Processor Malware The Culprit Behind Goodwill Breach

Malware at a payment-card processor was responsible for the theft of details on an estimated 868,000 credit and debit cards used at Goodwill Industries thrift stores, the organization said on Wednesday (Sept. 3).

An independent forensic investigator found no evidence of malware on any internal Goodwill systems, including point-of-sale systems in stores.
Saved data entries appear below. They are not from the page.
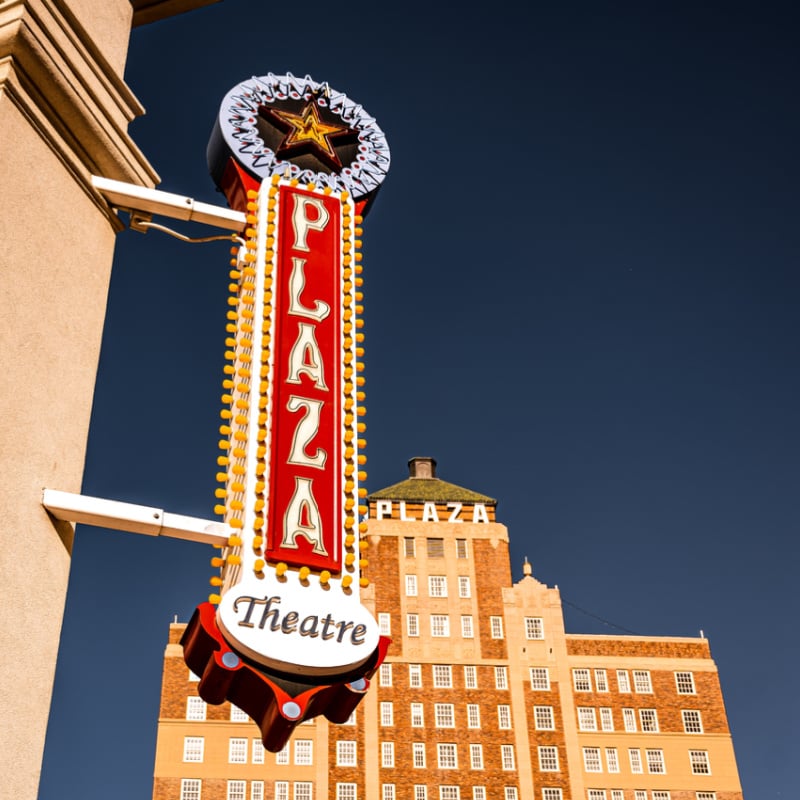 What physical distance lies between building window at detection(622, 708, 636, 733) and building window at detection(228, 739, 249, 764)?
25.1 m

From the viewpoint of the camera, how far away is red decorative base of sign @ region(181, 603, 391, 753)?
1135 cm

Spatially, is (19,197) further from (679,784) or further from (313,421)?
(679,784)

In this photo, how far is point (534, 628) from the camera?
82.3m

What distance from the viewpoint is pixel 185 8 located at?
9.11 metres

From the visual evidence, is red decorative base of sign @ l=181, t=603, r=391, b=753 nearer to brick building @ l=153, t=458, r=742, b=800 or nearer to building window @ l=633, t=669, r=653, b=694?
brick building @ l=153, t=458, r=742, b=800

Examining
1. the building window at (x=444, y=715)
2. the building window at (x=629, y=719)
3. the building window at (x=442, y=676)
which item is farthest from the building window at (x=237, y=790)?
the building window at (x=629, y=719)

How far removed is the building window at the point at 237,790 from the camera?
71688mm

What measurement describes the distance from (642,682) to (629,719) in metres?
2.75

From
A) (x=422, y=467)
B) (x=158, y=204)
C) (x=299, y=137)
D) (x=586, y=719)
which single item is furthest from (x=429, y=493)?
(x=158, y=204)

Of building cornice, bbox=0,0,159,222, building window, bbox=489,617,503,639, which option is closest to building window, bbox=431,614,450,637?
building window, bbox=489,617,503,639

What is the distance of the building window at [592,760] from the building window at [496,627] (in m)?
9.44

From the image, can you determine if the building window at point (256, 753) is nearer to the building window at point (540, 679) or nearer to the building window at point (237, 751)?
the building window at point (237, 751)

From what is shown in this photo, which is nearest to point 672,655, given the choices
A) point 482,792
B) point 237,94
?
point 482,792

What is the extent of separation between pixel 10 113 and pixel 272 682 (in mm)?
6217
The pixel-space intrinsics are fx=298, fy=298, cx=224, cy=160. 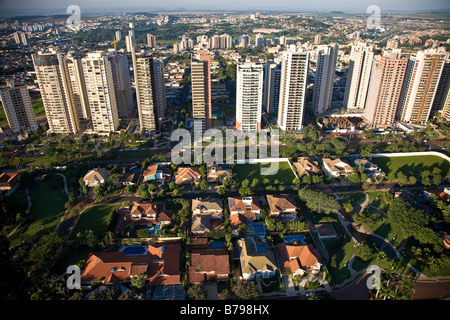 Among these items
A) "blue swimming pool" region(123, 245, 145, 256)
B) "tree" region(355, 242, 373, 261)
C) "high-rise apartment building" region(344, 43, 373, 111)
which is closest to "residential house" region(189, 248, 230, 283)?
"blue swimming pool" region(123, 245, 145, 256)

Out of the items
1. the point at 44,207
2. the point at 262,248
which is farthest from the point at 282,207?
the point at 44,207

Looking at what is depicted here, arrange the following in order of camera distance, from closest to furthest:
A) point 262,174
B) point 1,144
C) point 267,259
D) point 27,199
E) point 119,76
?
1. point 267,259
2. point 27,199
3. point 262,174
4. point 1,144
5. point 119,76

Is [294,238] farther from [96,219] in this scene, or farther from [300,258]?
[96,219]

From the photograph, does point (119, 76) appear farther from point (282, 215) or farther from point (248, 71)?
point (282, 215)

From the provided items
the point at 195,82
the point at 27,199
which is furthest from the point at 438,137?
the point at 27,199

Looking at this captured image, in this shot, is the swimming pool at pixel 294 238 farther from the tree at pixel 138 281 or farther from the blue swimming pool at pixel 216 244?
the tree at pixel 138 281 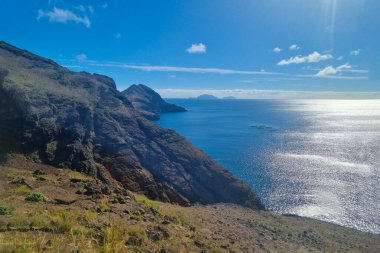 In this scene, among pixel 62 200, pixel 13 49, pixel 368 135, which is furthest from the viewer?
pixel 368 135

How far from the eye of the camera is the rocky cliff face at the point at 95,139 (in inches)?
1656

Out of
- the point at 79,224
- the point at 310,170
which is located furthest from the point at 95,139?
the point at 310,170

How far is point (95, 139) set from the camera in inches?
2328

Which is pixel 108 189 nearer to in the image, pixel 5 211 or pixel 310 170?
pixel 5 211

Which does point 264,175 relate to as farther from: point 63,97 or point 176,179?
point 63,97

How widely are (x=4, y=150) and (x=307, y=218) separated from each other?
183 ft

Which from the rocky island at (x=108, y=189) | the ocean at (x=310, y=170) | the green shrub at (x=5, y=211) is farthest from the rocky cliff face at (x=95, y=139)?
the green shrub at (x=5, y=211)

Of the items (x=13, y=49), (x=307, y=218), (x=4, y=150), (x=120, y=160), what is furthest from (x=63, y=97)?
(x=307, y=218)

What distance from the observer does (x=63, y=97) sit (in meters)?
60.2

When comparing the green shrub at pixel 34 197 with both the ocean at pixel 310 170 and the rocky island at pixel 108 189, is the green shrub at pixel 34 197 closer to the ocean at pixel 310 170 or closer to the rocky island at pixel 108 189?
the rocky island at pixel 108 189

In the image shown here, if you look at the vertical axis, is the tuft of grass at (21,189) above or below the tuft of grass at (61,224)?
below

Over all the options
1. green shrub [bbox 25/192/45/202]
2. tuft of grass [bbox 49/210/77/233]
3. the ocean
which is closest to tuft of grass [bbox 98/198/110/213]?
green shrub [bbox 25/192/45/202]

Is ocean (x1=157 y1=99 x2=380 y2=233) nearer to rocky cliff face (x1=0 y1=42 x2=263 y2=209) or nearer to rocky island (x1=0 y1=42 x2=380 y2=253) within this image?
rocky island (x1=0 y1=42 x2=380 y2=253)

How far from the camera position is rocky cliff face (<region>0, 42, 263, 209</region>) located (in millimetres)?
42062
But malware was found on the systems of a third-party payment-processing vendor used by 330 stores in 19 states and Washington, D.C.

Goodwill did not name the processor, but said the cyberthefts took place during the 18 months between Feb. 10, 2013, and Aug. 14, 2014. All the affected Goodwill stores — about 10 percent of the charity franchise’s 2,900 stores — used the same third-party processor.

Names, payment card numbers and expiration dates were stolen in the breach, but there is no evidence that other customer personal information such as addresses or PINs were stolen.

Goodwill was first notified of a potential breach in July by what it identified as “a payment card industry fraud investigative unit and federal authorities,” which reported that a suspicious pattern of fraudulent charges at big box retailers and grocery chains had been traced back to cards used at the charity’s stores in Alabama, California, Colorado, Florida, Georgia, Illinois, Indiana, Kansas, Louisiana, Maryland, Missouri, North Carolina, New Mexico, Ohio, Pennsylvania, South Carolina, Tennessee, Virginia, West Virginia and Washington, DC.